Data section START

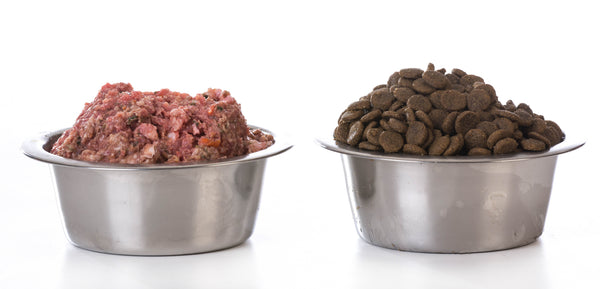side by side bowl shot of raw minced dog food and kibble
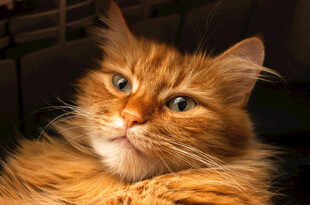 橘色长毛猫的惬意瞬间
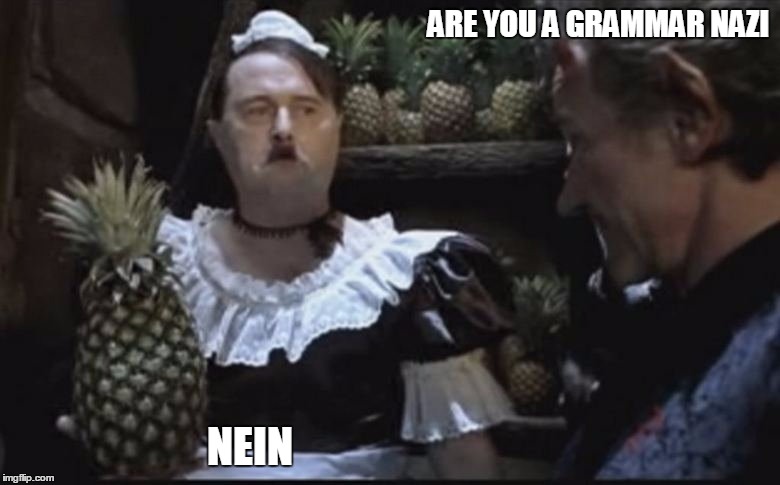 Hitler Pineapple | ARE YOU A GRAMMAR NAZI; NEIN | image tagged in hitler pineapple | made w/ Imgflip meme maker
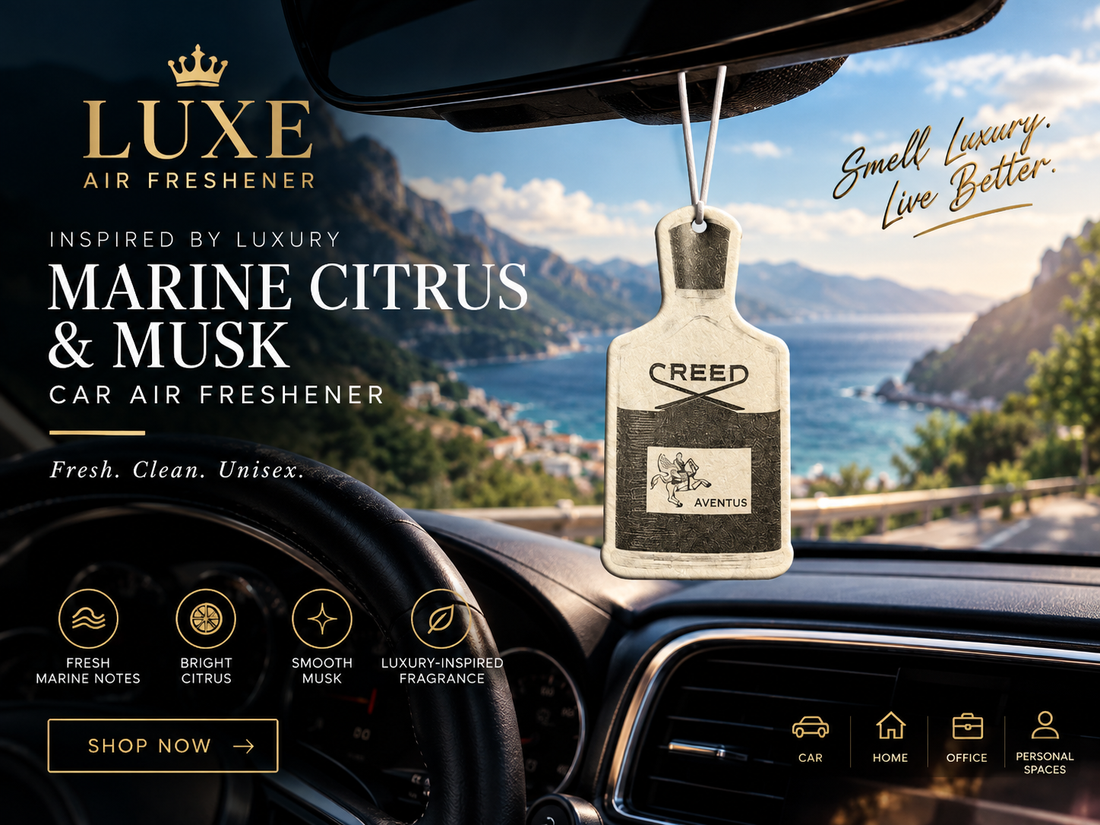 Best Luxury Car Air Freshener: 7 Reasons Your Car Deserves a Signature Scent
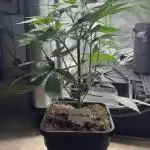 Lemon Tree 2.0 | Silent Seeds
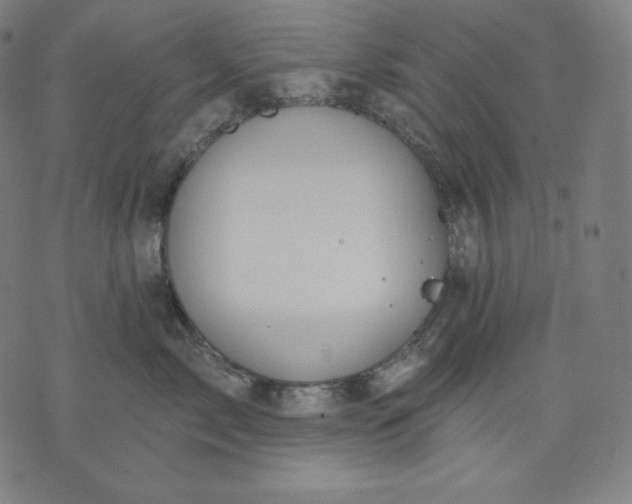 X0000070340717200606231532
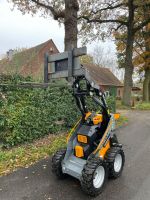 Skidsteer Lader Giant SK202 D | Minilader Nordrhein-Westfalen - Hopsten Vorschau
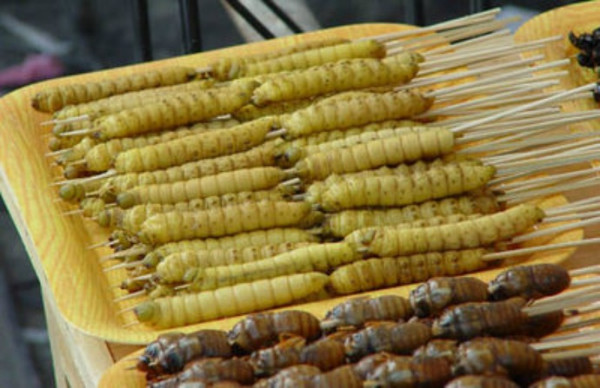 10 Makanan Ekstrem di Indonesia, Ada Jus Cacing hingga Sate Biawak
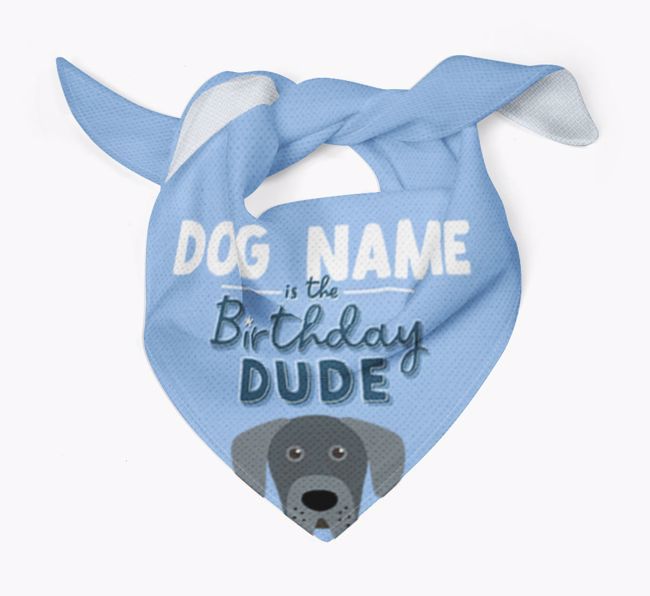 Birthday Dude: Personalised {breedFullName} Bandana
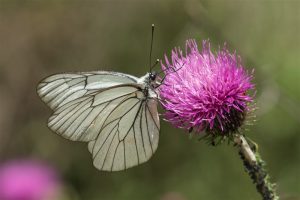 Groot Geaderd Witje - Aporia crataegi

Data section END

Only the lines from the one containing "Birthday Dude: Personalised" through the final line of the records should be retyped, exactly, with every picture omitted.

(Output for this task):
 Birthday Dude: Personalised {breedFullName} Bandana
 Groot Geaderd Witje - Aporia crataegi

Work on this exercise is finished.